WHAT YOU WILL DO:
Though the entries hold pictures, only their text should be duplicated, exactly and in full.

INPUT MATERIAL:
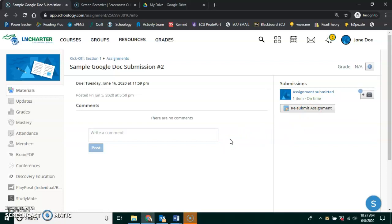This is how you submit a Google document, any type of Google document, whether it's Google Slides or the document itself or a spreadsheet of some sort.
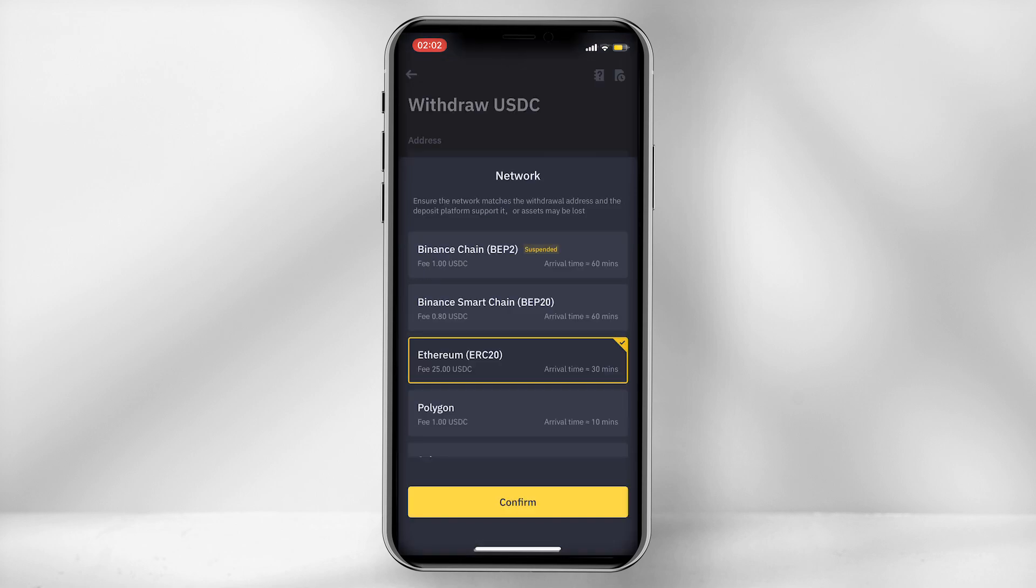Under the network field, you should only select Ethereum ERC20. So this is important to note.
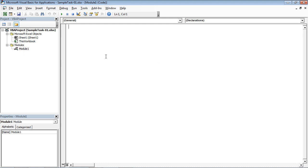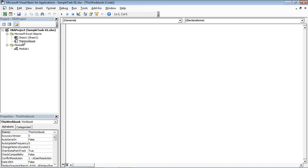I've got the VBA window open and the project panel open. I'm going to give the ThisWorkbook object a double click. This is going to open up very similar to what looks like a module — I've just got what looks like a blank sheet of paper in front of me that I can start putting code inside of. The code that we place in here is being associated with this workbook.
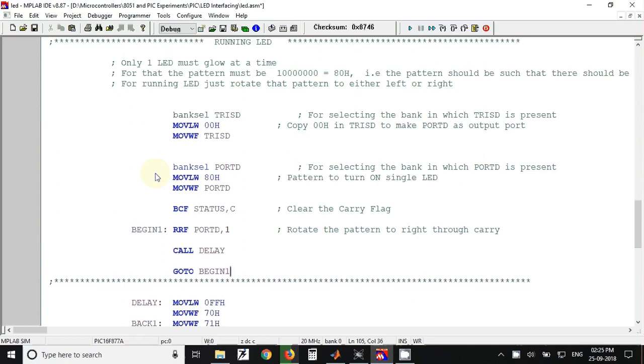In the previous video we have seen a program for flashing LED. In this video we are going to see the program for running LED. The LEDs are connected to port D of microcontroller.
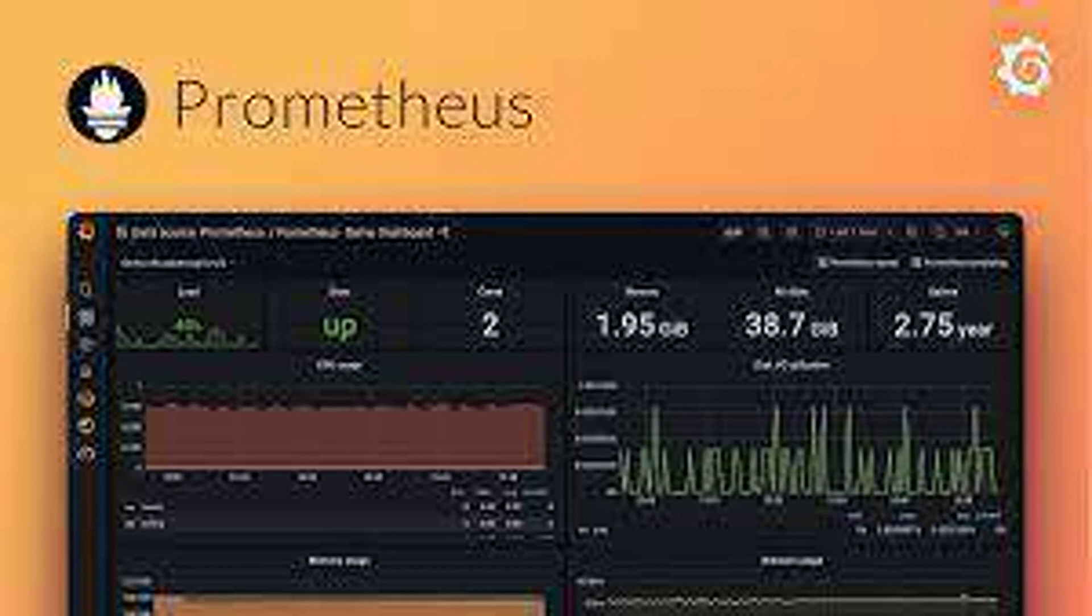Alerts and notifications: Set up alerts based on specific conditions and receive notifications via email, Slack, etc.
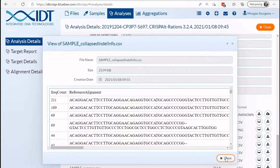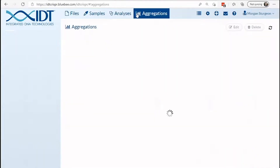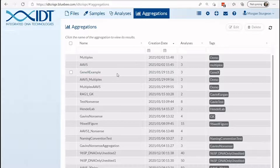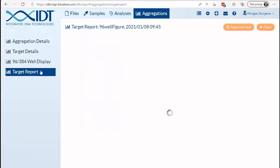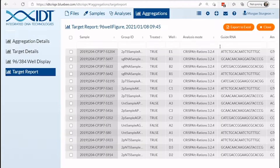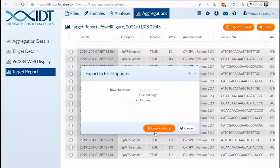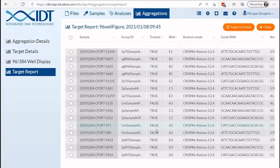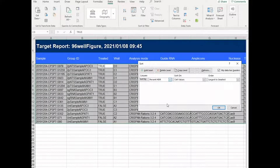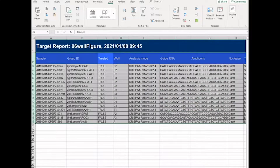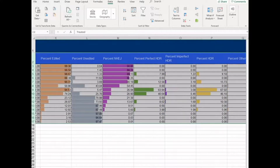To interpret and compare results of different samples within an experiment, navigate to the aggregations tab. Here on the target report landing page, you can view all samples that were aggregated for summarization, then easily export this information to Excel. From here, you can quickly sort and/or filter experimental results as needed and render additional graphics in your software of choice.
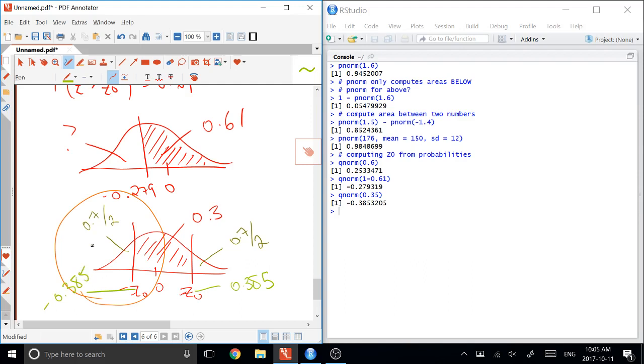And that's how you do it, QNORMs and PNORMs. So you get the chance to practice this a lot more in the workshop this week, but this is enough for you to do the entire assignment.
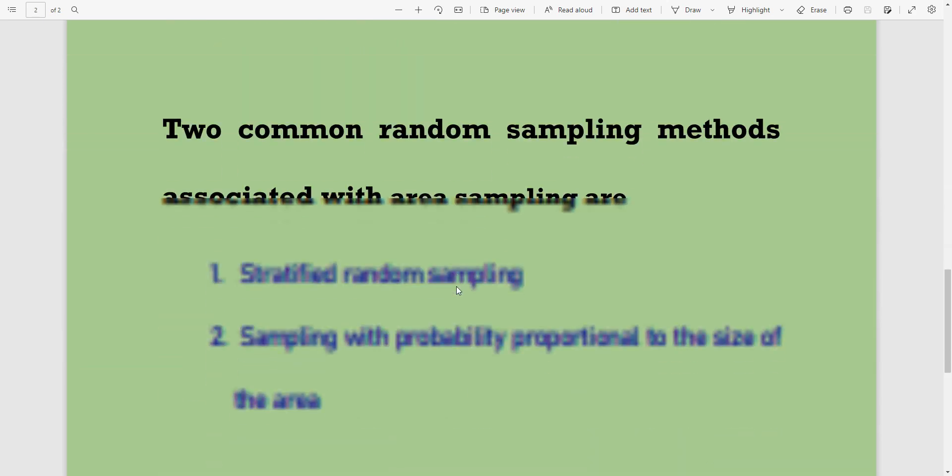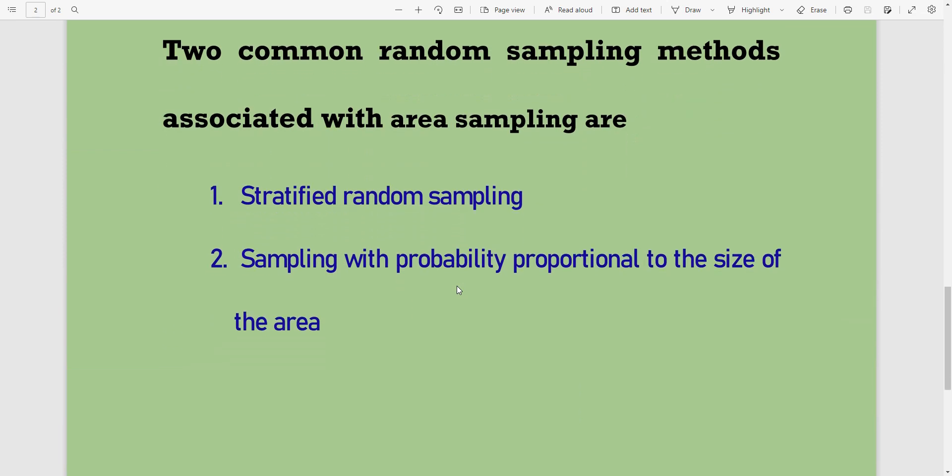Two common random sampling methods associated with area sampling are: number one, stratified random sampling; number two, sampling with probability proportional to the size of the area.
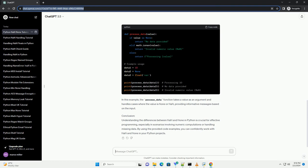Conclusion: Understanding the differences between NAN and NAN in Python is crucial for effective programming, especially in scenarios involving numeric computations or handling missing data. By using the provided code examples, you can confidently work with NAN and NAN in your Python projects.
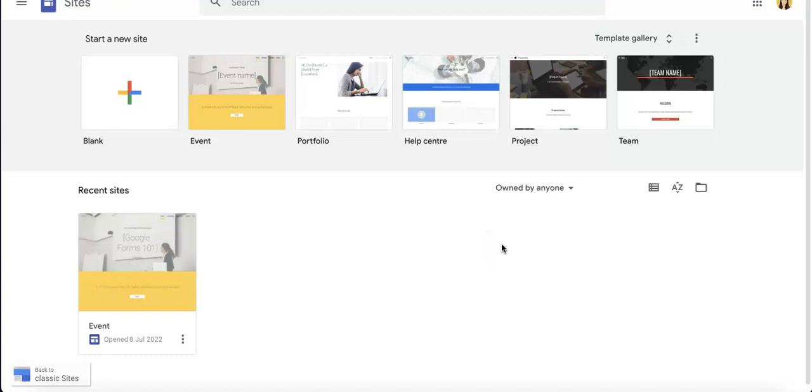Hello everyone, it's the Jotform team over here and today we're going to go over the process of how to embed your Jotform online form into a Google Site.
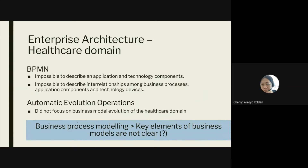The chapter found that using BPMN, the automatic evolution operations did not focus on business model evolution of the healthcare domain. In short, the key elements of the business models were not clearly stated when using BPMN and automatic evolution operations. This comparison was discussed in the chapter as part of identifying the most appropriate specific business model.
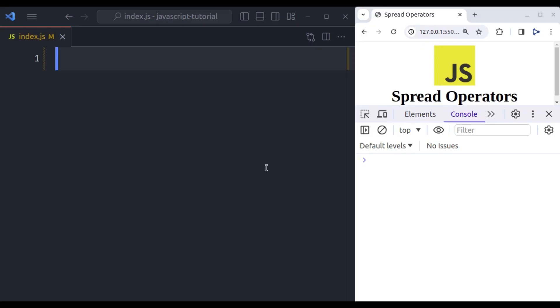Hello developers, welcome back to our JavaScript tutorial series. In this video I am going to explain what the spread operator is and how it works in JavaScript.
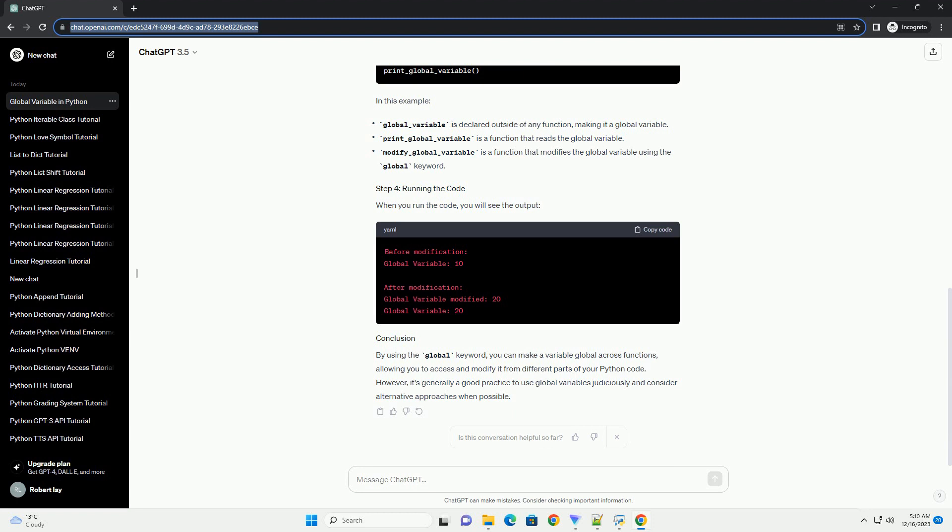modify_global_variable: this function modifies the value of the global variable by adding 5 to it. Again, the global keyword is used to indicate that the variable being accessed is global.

TASK SOLUTION:
This is how you submit a Google document, any type of Google document, whether it's Google Slides or the document itself or a spreadsheet of some sort.
Under the network field, you should only select Ethereum ERC20. So this is important to note.
I've got the VBA window open and the project panel open. I'm going to give the ThisWorkbook object a double click. This is going to open up very similar to what looks like a module — I've just got what looks like a blank sheet of paper in front of me that I can start putting code inside of. The code that we place in here is being associated with this workbook.
In the previous video we have seen a program for flashing LED. In this video we are going to see the program for running LED. The LEDs are connected to port D of microcontroller.
Alerts and notifications: Set up alerts based on specific conditions and receive notifications via email, Slack, etc.
To interpret and compare results of different samples within an experiment, navigate to the aggregations tab. Here on the target report landing page, you can view all samples that were aggregated for summarization, then easily export this information to Excel. From here, you can quickly sort and/or filter experimental results as needed and render additional graphics in your software of choice.
And that's how you do it, QNORMs and PNORMs. So you get the chance to practice this a lot more in the workshop this week, but this is enough for you to do the entire assignment.
Two common random sampling methods associated with area sampling are: number one, stratified random sampling; number two, sampling with probability proportional to the size of the area.
Conclusion: Understanding the differences between NAN and NAN in Python is crucial for effective programming, especially in scenarios involving numeric computations or handling missing data. By using the provided code examples, you can confidently work with NAN and NAN in your Python projects.
Hello everyone, it's the Jotform team over here and today we're going to go over the process of how to embed your Jotform online form into a Google Site.
The chapter found that using BPMN, the automatic evolution operations did not focus on business model evolution of the healthcare domain. In short, the key elements of the business models were not clearly stated when using BPMN and automatic evolution operations. This comparison was discussed in the chapter as part of identifying the most appropriate specific business model.
Hello developers, welcome back to our JavaScript tutorial series. In this video I am going to explain what the spread operator is and how it works in JavaScript.
modify_global_variable: this function modifies the value of the global variable by adding 5 to it. Again, the global keyword is used to indicate that the variable being accessed is global.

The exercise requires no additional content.